Our football team is amazing, but it’s amazing not just because of this year’s success. Rather, because of Coach John Ford’s leadership, and a legacy of loving this community established by Coach Ray Manus, Coach McFarland and Coach Poulos. I just witnessed a football banquet where seniors, who never even saw the field in a game, spoke about how proud they were to be on the team.

Canton street is happening, thriving and growing, but it’s not because it’s a great location. Rather, it’s because it’s full of brave entrepreneurs and small business owners who have poured their livelihoods into their businesses, and truly appreciate their customers.

I was blessed to get to travel the world, but now I’ve been given an even better gift. I’ve been given the opportunity to get to know more and more of the amazing people of Roswell. I love you guys. You’re my tribe. You’re happy people. You’re generous people. You’re courageous people. You’re intelligent people. You’re people who know that diversity is strength. You’re people who love their neighbors as themselves. You’re the salt of the earth.

Over the last few months, I’ve been exposed to a different side of Roswell. As I’ve had the opportunity to meet many of the business owners, civic leaders, and public servants that also call Roswell home, I’ve heard over and over again that a new cloud of negativity is starting to hang over our city. Many of the people that give the most to our community to make it great are growing dispirited. It’s not that they need a citizenry that are complicit to their agenda. Rather, it’s they need a comm(unity) that tells them what they would like to see, is understanding that there will be challenges to get there, but doesn’t turn to name calling, intimidation, or a general spirit of bitterness to achieve its aims. The snarky spirit of social media cynicism is trying to invade our town.

You see, there are some real challenges. Our city is a great place to live. Can it also be a great place to work? Will we protect the areas that make it a great place to play? How can we allow for progress that keeps our unique flavor intact? I want great neighborhoods, but also great businesses. I don’t want you to have to be rich to experience this great city. I want us to grow with racial and economic diversity. THAT IS OUR GREATEST STRENGTH. There are complicated issues of zoning, redistricting, budgeting and development. It’s time to get involved and forge a vision for what Roswell can be. If you don’t have an idea, at least be someone who doesn’t criticize the people that are trying to roll up their sleeves and make our city a better place.

I think it’s time that our voices were heard!

Some of my friends have just launched a new Facebook page called Keep Roswell Great. Go there, and leave a simple sentence or two about why you love Roswell. Like the page and share it with your friends.

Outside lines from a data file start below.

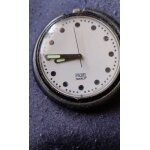 Montre swatch pop il faut mettre une pile et un bracelet large Montre swatch pop il faut mettre une pile et un bracelet large
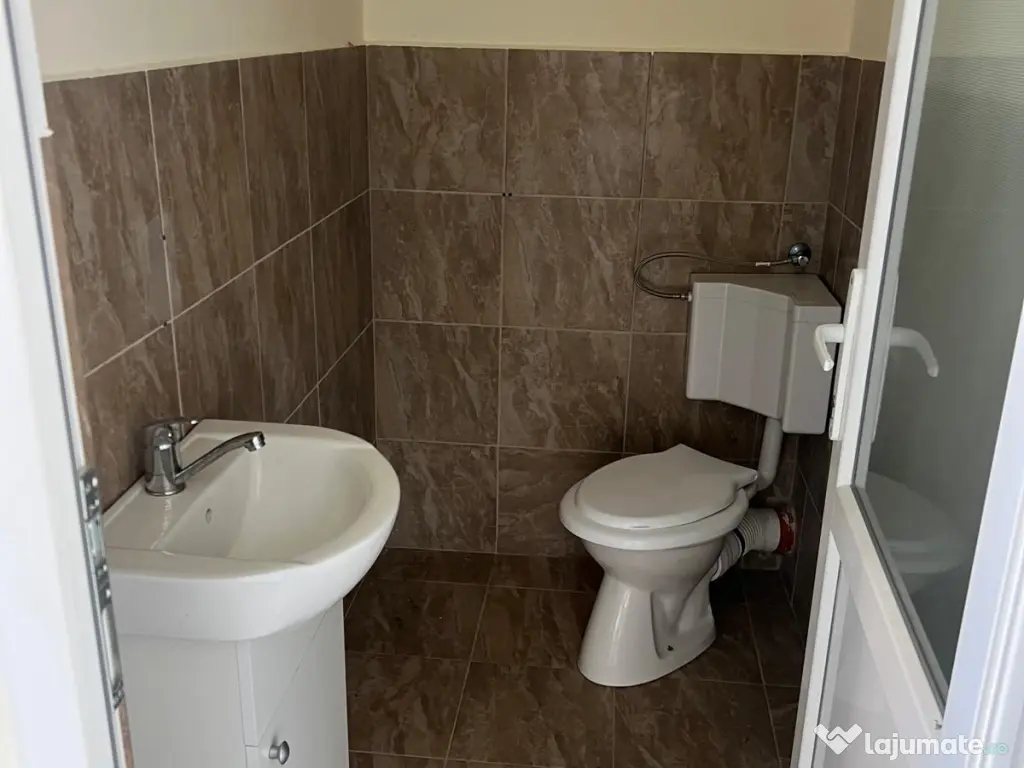 Inchiriez spatiu comercial in Oradea, zona Spitalul Judetean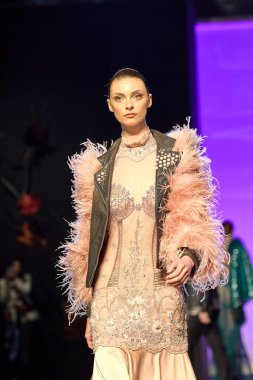 AGG Anton Giulio Grande - Runway - Milan Moda Haftası - Kadınlar Güz / Kış 2024-2025MILAN, ITALY - FEBRUARY 20: Milan Moda Haftası Kadın Giyim Giyim Fuarındaki podyum. Fotoğraf: Mauro Di Bonaventura )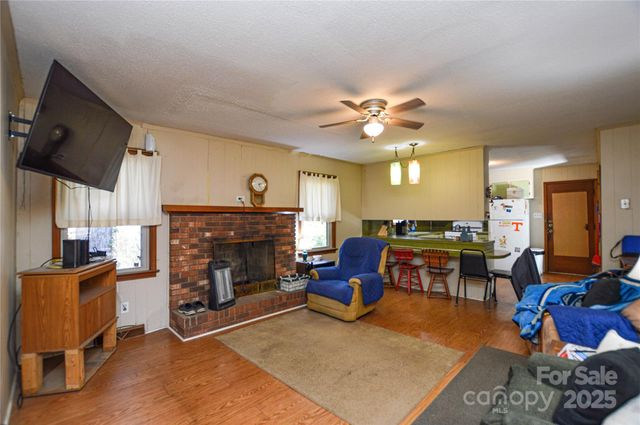 1405 Forest Park Drive 1, Statesville, NC 28677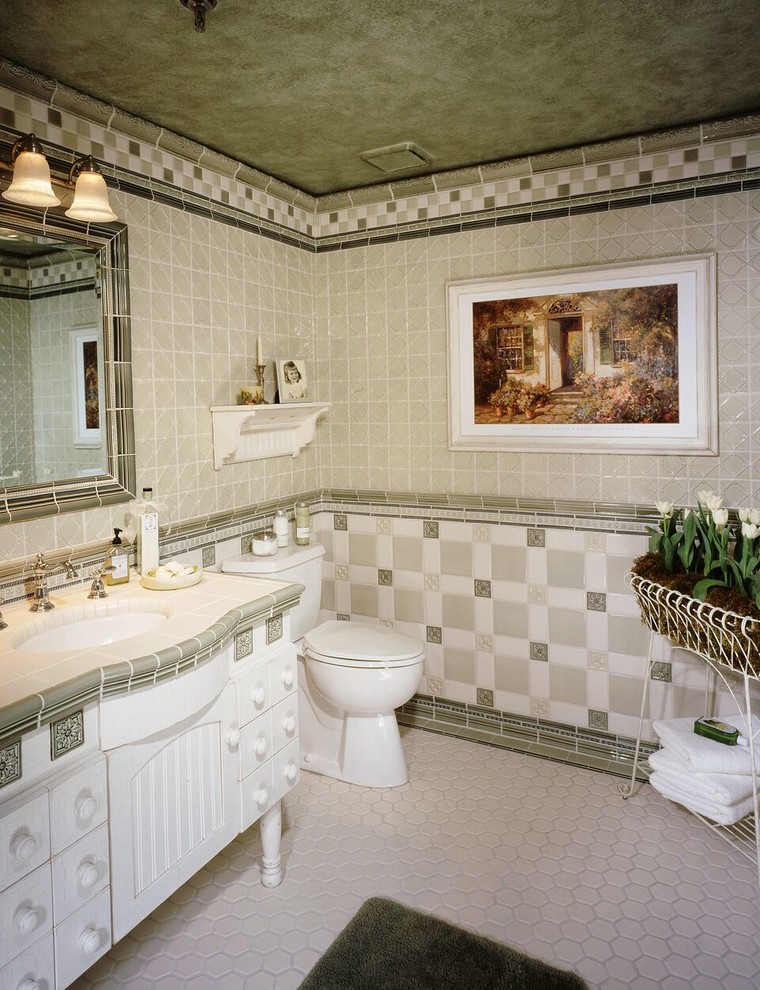 Idéer för att renovera ett mellanstort eklektiskt badrum, med luckor med infälld panel, vita skåp, en toalettstol med separat cisternkåpa, beige kakel, keramikplattor, beige väggar, ett undermonterad handfat och kaklad bänkskiva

Say something positive about Roswell on twitter or Instagram. Thank a teacher or a principal. Post a picture of your fun in the snow. Highlight when you support a local merchant. When you do, use the hashtag #WhenInRoswell . This will amplify your voice to a larger platform and will be seen by every member of your city council, and the rest of the world that’s watching.

Finally, if you’ll join me, attend the City Council meeting on Monday Night. You don’t have to say anything. Just come with a smile. Some of our leaders need to see some smiles. They work hard for us, and they need some encouragement. There’s a lot on the agenda. There’s a lawsuit to remove the mayor. There’s important commission heads being placed. There are motions that affect the DDA and the UDC. You don’t have to know what all that means to attend though. You don’t have to have my opinion, or a pre-determined opinion at all to attend. But, it’s time to come together as “One Roswell.” It’s time to show the world that we are truly a comm(unity).